Banham believes “advisors can work with investors to create well-balanced, diversified and disciplined investment plans. When these plans take the risk of market volatility into account, drastic market swings should have a minimal impact on their long-term goals.”

While there are always regions, countries and sectors that will lag and falter, it’s important to identify others that are doing well, says Sadiq S. Adatia, chief investment officer, Sun Life Global Investments.

“The U.S. economy looks decent – it continues to add jobs, but at a slower pace,” says Mr. Adatia. “Despite good numbers, the U.S. equity market may not live up to high expectations. We continue to expect a positive year for the U.S. equity market but we think record highs are likely behind us for now and risks are increasing.”

Looking beyond Canada to foreign markets is worthwhile at times when domestic markets are not performing well. That’s happening now, says Mr. Adatia.

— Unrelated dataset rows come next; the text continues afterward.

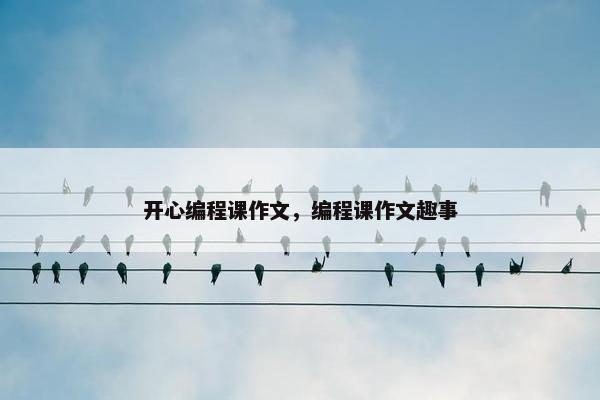 开心编程课作文，编程课作文趣事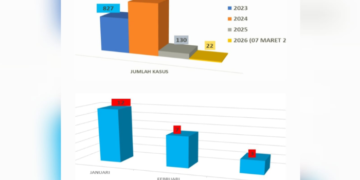 Kasus DBD di Mimika Turun Drastis, Januari Hingga Awal Maret 2026, Dinkes Catat 22 Kasus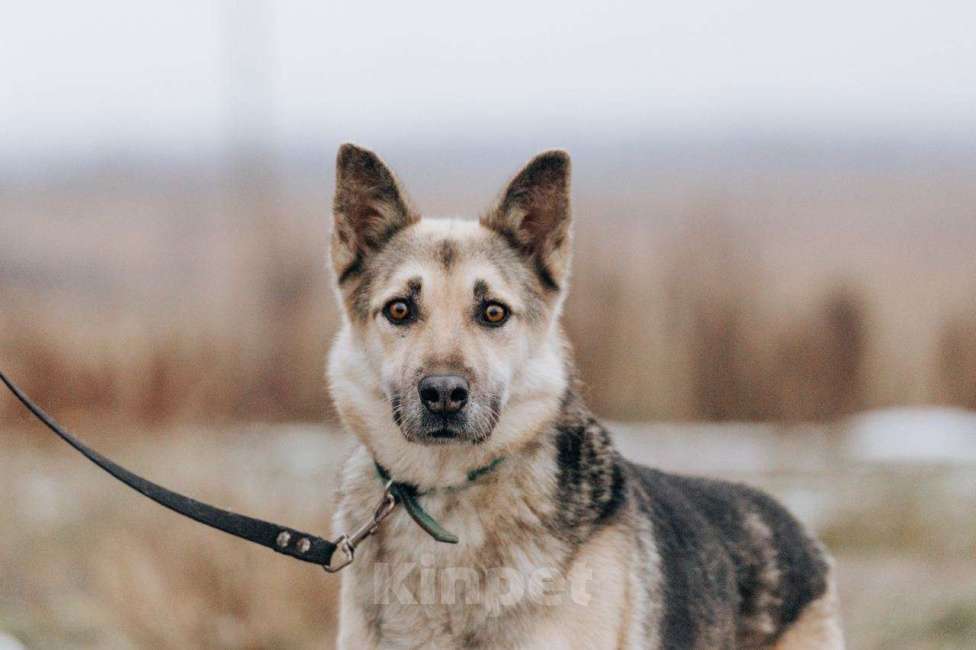 Собаки в Москве: Дрессированная овчарка в добрые руки Девочка, Бесплатно - фото 6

“While it pains us to say it, our negative view on the Canadian economy has for the most part been realized,” he explains. “The economic impact of low oil prices continues to be a big burden in Canada.”

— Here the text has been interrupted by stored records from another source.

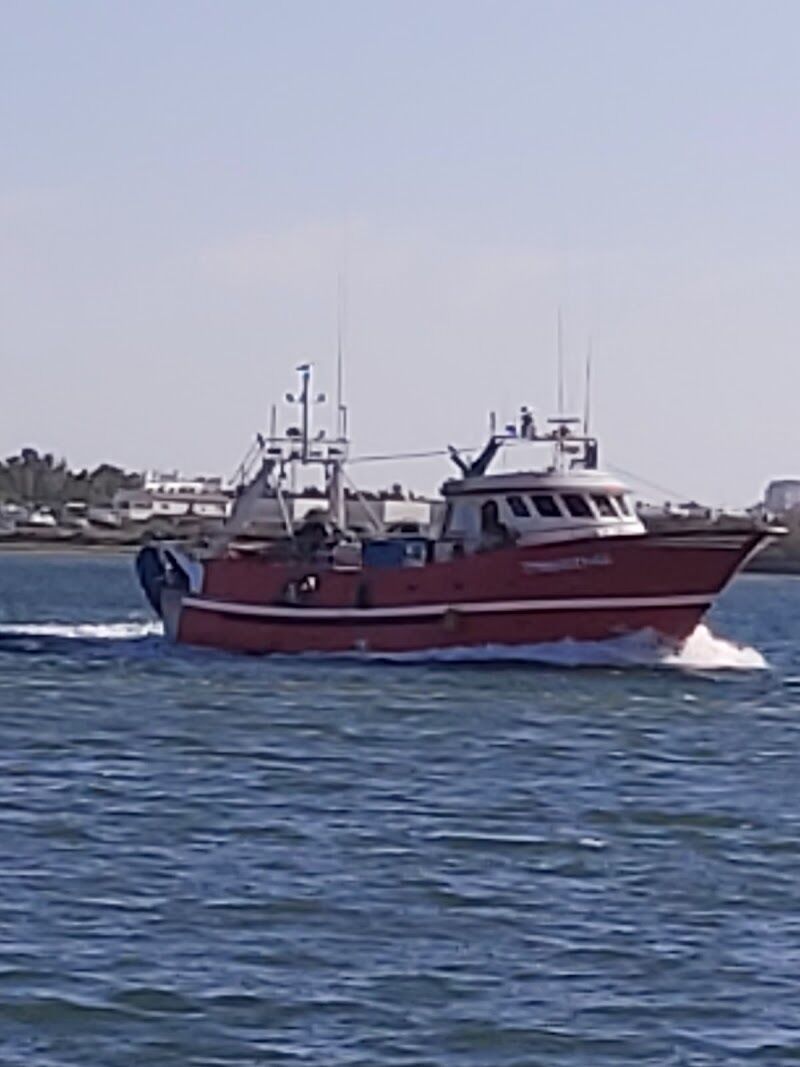 Imagen de Mateos Arquitectos – Arquitecto en Ayamonte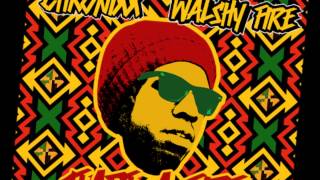 Chronixx - Aint No Giving In (2013)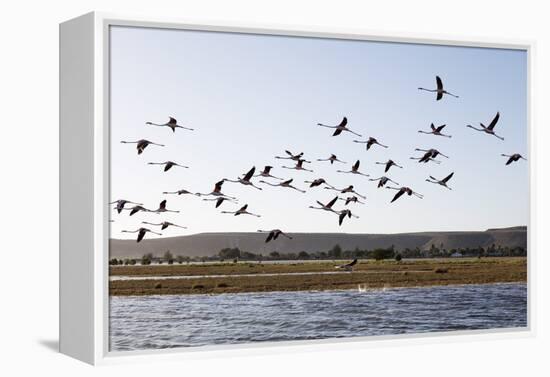 Greater flamingo (Phoenicopterus roseus), St. Augustine, southern area, Madagascar, Africa-Christian Kober-Framed Premier Image Canvas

Investors looking beyond the border should consider markets that have not necessarily looked favourable in recent times, such as Europe, says Mr. Adatia.

“In Europe, we believe that a weak euro, improving business confidence and a better employment situation — not to mention stimulative monetary policy – should help drive the economy in the right direction,” he says.

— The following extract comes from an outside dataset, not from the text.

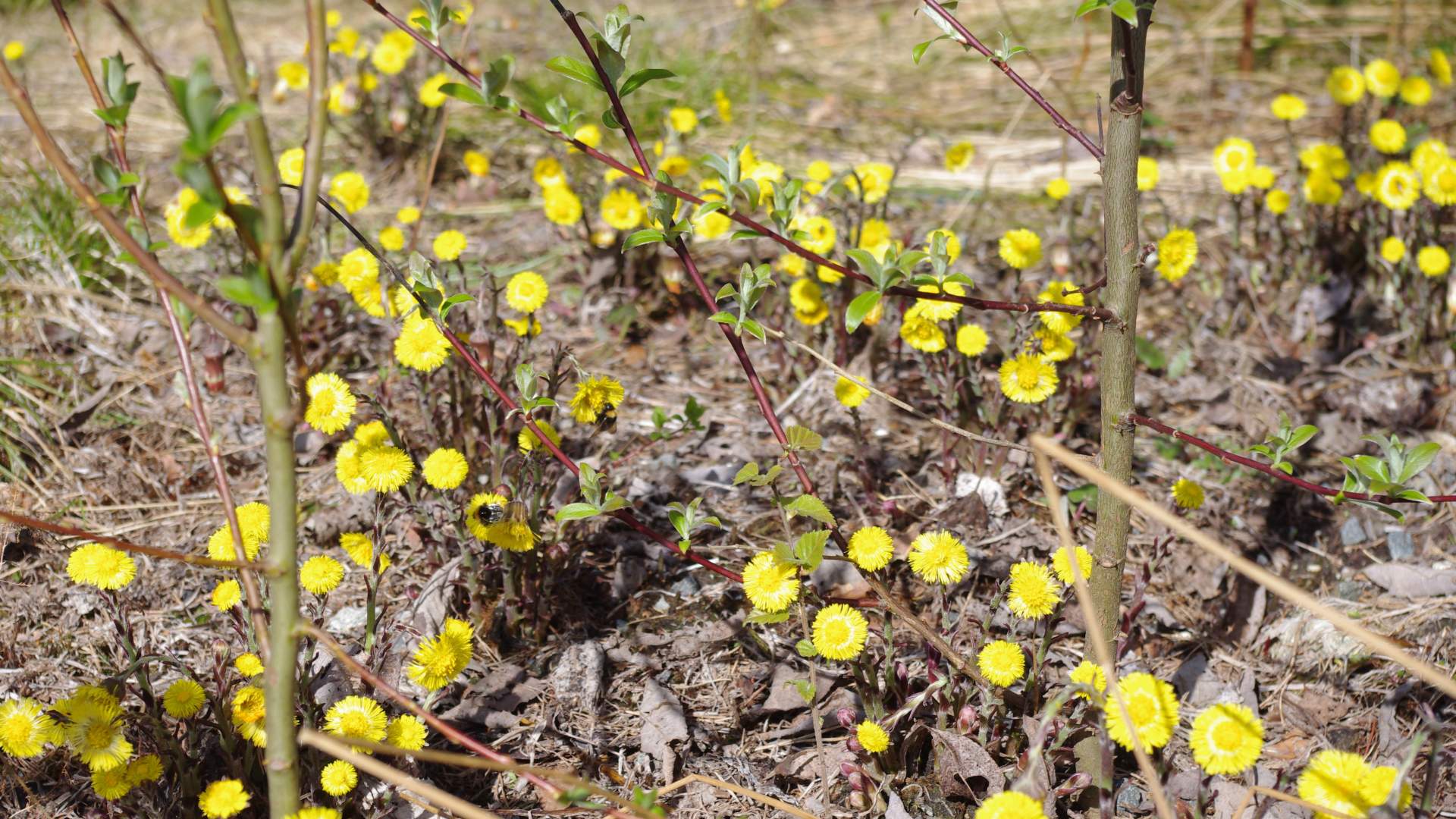 Cycling in Kråko Sea Cabin area (13.5 km)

Problems with the shaky Greek economy haven’t gone away, but that situation seems to be on the back burner. However, other emerging geopolitical issues loom in Europe – the Syrian refugee crisis and a possible referendum in Britain on exiting the European Union.

“We like European equities; however, we expect a bumpy ride,” says Mr. Adatia.

Markus Muhs, investment advisor at Canaccord Genuity Wealth Management in Edmonton also sees opportunities in the European markets.

“A good news story that was largely ignored when everyone fretted about Chinese manufacturing numbers was that European manufacturing numbers actually came in higher than expected,” says Mr. Muhs.

“I think economic growth leadership in the next few years will come less out of China and emerging markets and more out of developed markets.”

As far as the Chinese market is concerned, investors should be aware of ongoing challenges, says Mr. Adatia. But it’s important to look beyond the market’s ups and downs toward a bigger, more holistic picture.

“People have finally come to the realization that China is slowing down – growth is now expected to be closer to 5-6% in the coming years versus north of 10% not too long ago,” he says. “The economy has moved from investment-driven growth to consumer-driven growth.”

Shannon Dalziel, investment advisor at PWL Capital Inc. in Toronto, suggests that investors diversify by allocating a portion of their equities to emerging markets.

“Investing within emerging markets has historically resulted in higher returns, albeit with higher volatility for Canadian investors,” she says.

For investors who are feeling anxious, advisors can explain the risks and potential rewards offered by different foreign markets, as well as the investment products that make more sense for clients depending on their financial situation and time horizon.

If investors want to reduce market risk, advisors could suggest allocating some of their savings to guaranteed products such as payout annuities and segregated funds. “This is particularly true in retirement, when investors could be withdrawing assets at the same time as markets are losing value,” Mr. Banham says.

“The most important thing is to integrate choices into an overall strategy. The 24-hour business news cycle can convince investors to react to market shifts and take them away from their holistic investment plan,” he says.

“In times like these, a ‘stick-to-the-plan’ strategy is often the most prudent – as long as the plan is still meeting its objectives.”